Av. İlkiz: Örneğin Terörle Mücadele Kanunu anlamında gözaltına alınan kişilere ulaştırılacak hukuki yardımlar var. Yani, iddianın başladığı andan itibaren savunmanın başlaması, bir anlamda silahların eşitliği kuralı. Oysa yeni yapılan düzenleme bakımından doğrudan doğruya herhangi bir kişiye avukat gönderilmesi yerine yargıç tarafından 24 saat sonra avukat yardımının alınmasına karar verilmesi veya yargıç kararıyla kısıtlanması, sınırlandırılması şeklindeki yeni düzenlemeler var. Onun dışında gerçekten basın-yayın fiilleriyle ilgili olmak üzere daha çok genişletme var.

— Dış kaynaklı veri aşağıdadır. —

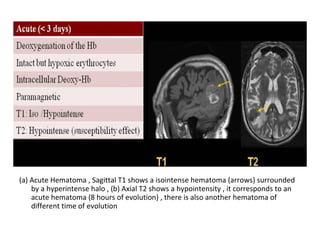 (a) Acute Hematoma , Sagittal T1 shows a isointense hematoma (arrows) surrounded
by a hyperintense halo , (b) Axial T2 shows a hypointensity , it corresponds to an
acute hematoma (8 hours of evolution) , there is also another hematoma of
different time of evolution
 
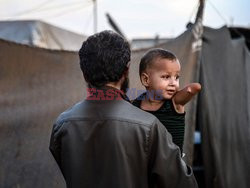 Chłopiec bez rąk i nóg w obozie dla uchodźców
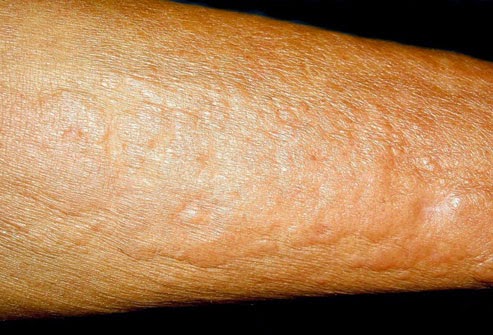 doj_photo_of_nephrogenic_systemic_fibrosis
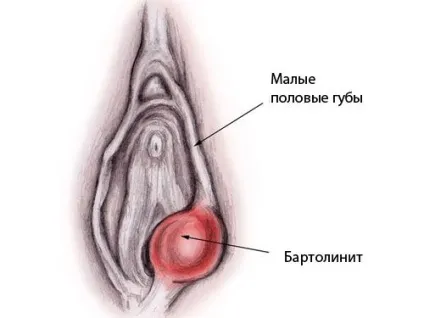 Дворога матка, сідлоподібна, з перегородкою причини виникнення, діагностика, метропластіка і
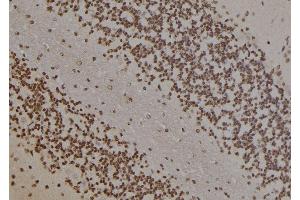 ABIN6277453 at 1/100 staining Rat brain tissue by IHC-P. (PARP1 antibody  (Internal Region))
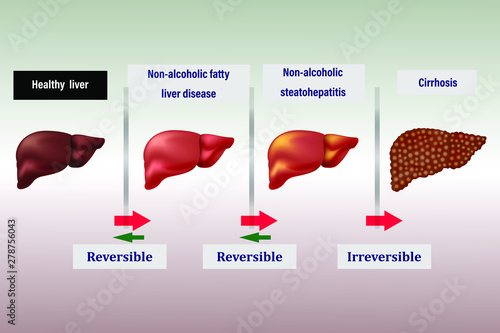 stage disease of the liver , arrows indicate reversible and irreversible stages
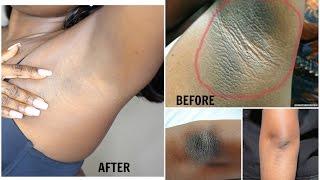 HOW TO LIGHTEN DARK UNDERARM  NATURALLY AND FAST |  PERMANENT RESULTS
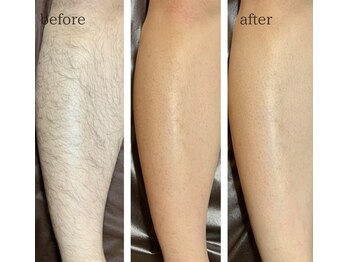 ワイズサロン(Y's salon)/全身脱毛の経過！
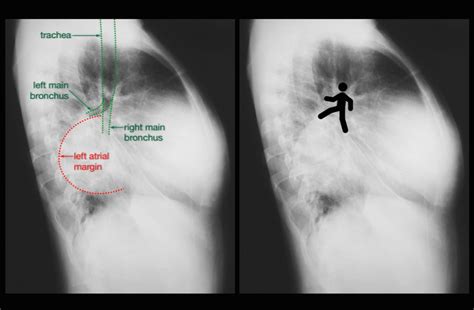 Left Atrial Enlargement Due To Mitral Valve Regurgitation Radiology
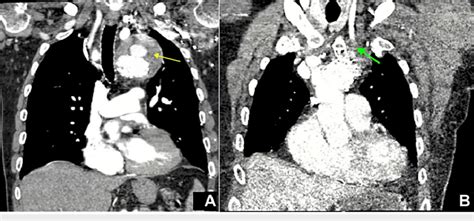 A Type Iii Endoleak In The Distal Aortic Arch Resulting In Increased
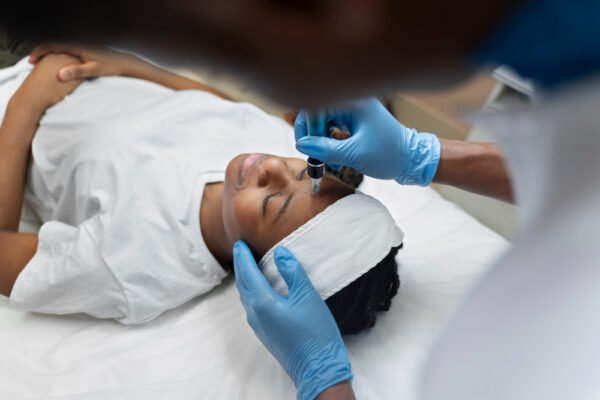 Chemical Peel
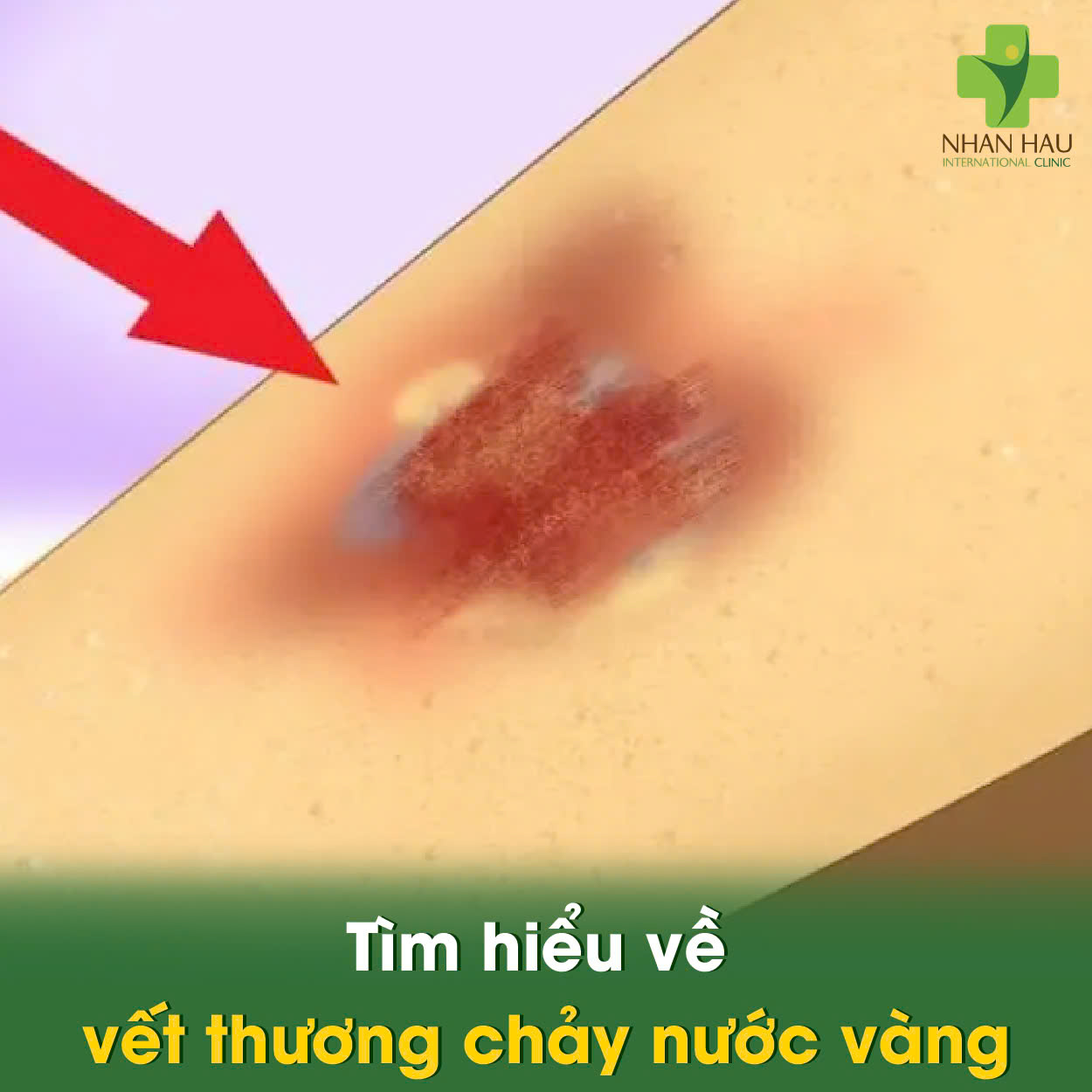 Vết Thương Chảy Nước Vàng: Nguyên Nhân, Dấu Hiệu và Cách Xử Lý 1 Tìm hiểu về vết thương chảy nước vàng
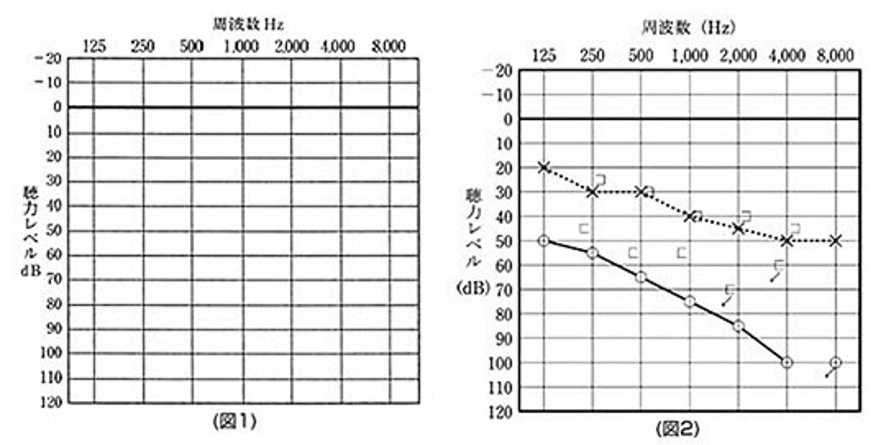 正しい規格のオージオグラムとその記載例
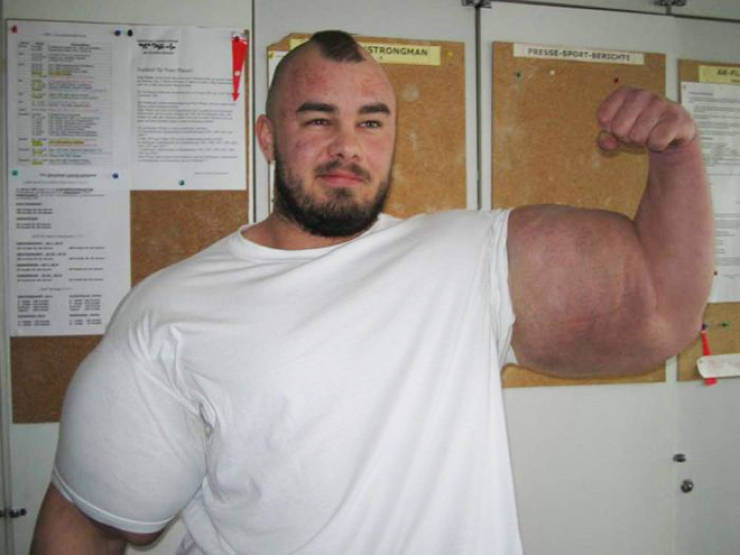 Synthol Does NOT Look Good, Guys…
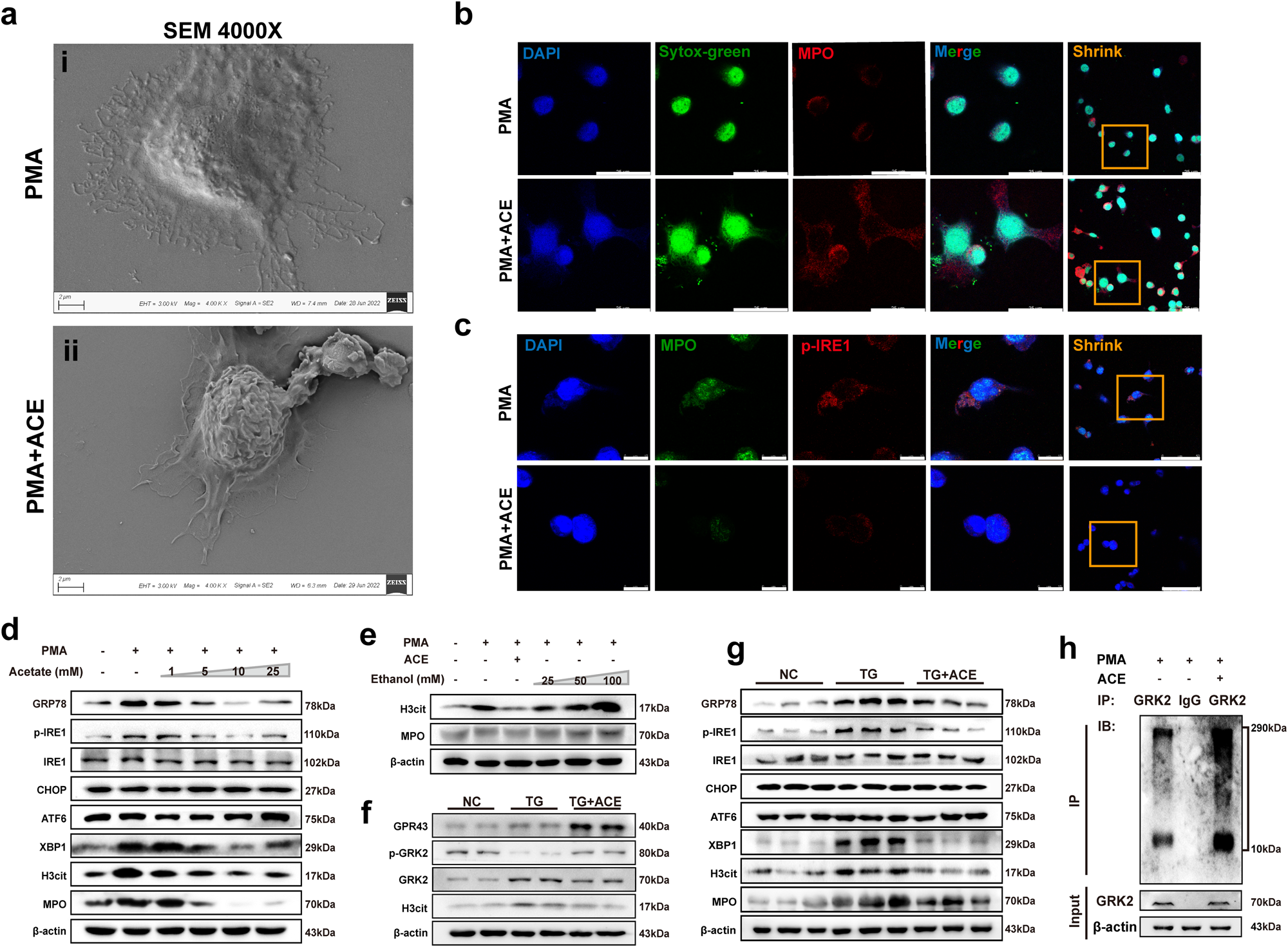 Fig. 6: Acetate reduces ERS in neutrophils and inhibits the formation of NETs.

Yani daha çok genişletme derken, basın-yayın yoluyla işlenmesi halinde eskiden para cezası sözknusuyken, yeni düzenlemede hapis cezası da getiriliyor. Bu arada da özellikle yayınların savcı emriyle bile 15 güne kadar durdurulabilmesi yasayla mümkün kılınıyor. Oysa bu tür durdurmalar, toplatmalar veya yayın durdurmalarla ilgili daha önce kabul edilen kanunlarda, bu anlamdaki sınırlandırmalar kaldırılmıştı. Dolayısıyla, eskiye dönüldüğü gibi daha da eskiye dönülüyor. Bir önemli tarafı daha, Türk Ceza Kanunu’ndaki bazı maddeler, terör suçu sayılmak üzere Terörle Mücadele Kanunu’na alınıyor. Dolayısıyla suç genişletilmesi diyebileceğimiz ve sayma yoluyla, eğer bu suçlar terör amacıyla işlenirse, terör suçu kabul edilmek üzere Terörle Mücadele Kanunu’nda değişiklik yapılmış oldu. Bütün bunları yan yana getirdiğiniz zaman, bu anlamdaki temel hak ve özgürlüklerin sınırlandırıldığı, bu sınırlandırmaların da demokrasiye aykırı olduğu açıkça gözüküyor.

DW: Yasa değişikliğinin zamanlaması konusundaki yorumunuz?

Av. İlkiz: TMK değişiklik tasarısı, TCK’nın çıkmasından sonra bir paralellik sağlansın düşüncesinden kaynaklanarak yapılıyordu. Ama bu anlamda Terörle Mücadele bakımından bana göre çok fazla gereksinim olmamasına rağmen bunun bir anda gündeme getirilmiş olmasını, mevcut olup bitenlerle bağlantılı değerlendirmek daha faydalı olur. Dolayısıyla bu fayda içerisinde, bu kanunun belki de en önemli tarafı ve tek önemli yanı, terörle mücadeledeki finansman kaynaklarıyla mücadele meselesiydi. Uluslarararası bir sözleşme kabul edilmiştir. Bu sözleşme çerçevesinde TMK’da özellikle terör finansmanı konusunda bir düzenleme olmadığı için bu maddenin TMK’da düzenleme yapılarak kabul edilmesi gerekirdi. Bunun zamanıydı, ama bir tek maddeyle çözümlenebilecek olan bir konu birdenbire, belki de Türkiye’nin etrafında olup bitenler nedeniyle bu şekilde yeniden panik mevzuatına dönüldü ve hiç gereği yokken TMK’da değişiklik yapıldı. Gerçekten Türkiye şöyle bir konuyla karşı karşıya: TMK’da değişiklik yapılmaması gerekirken, bana göre yapıldıktan sonra, terörle mücadele etmek yerine, terörün ekonomik ve sosyal konumu ve bunu besleyen kaynakların kurutulması daha önemlidir. Bu da doğrudan doğruya yasayla yapılmaz. Bu, doğrudan doğruya hükümet olmanın gereğidir veya en azından terörü besleyen kaynakların kurutulması bakımından geç kalınmış olan bir mücadeleyi, artık daha fazla geç kalmadan yeniden yeniden başlatmaktır.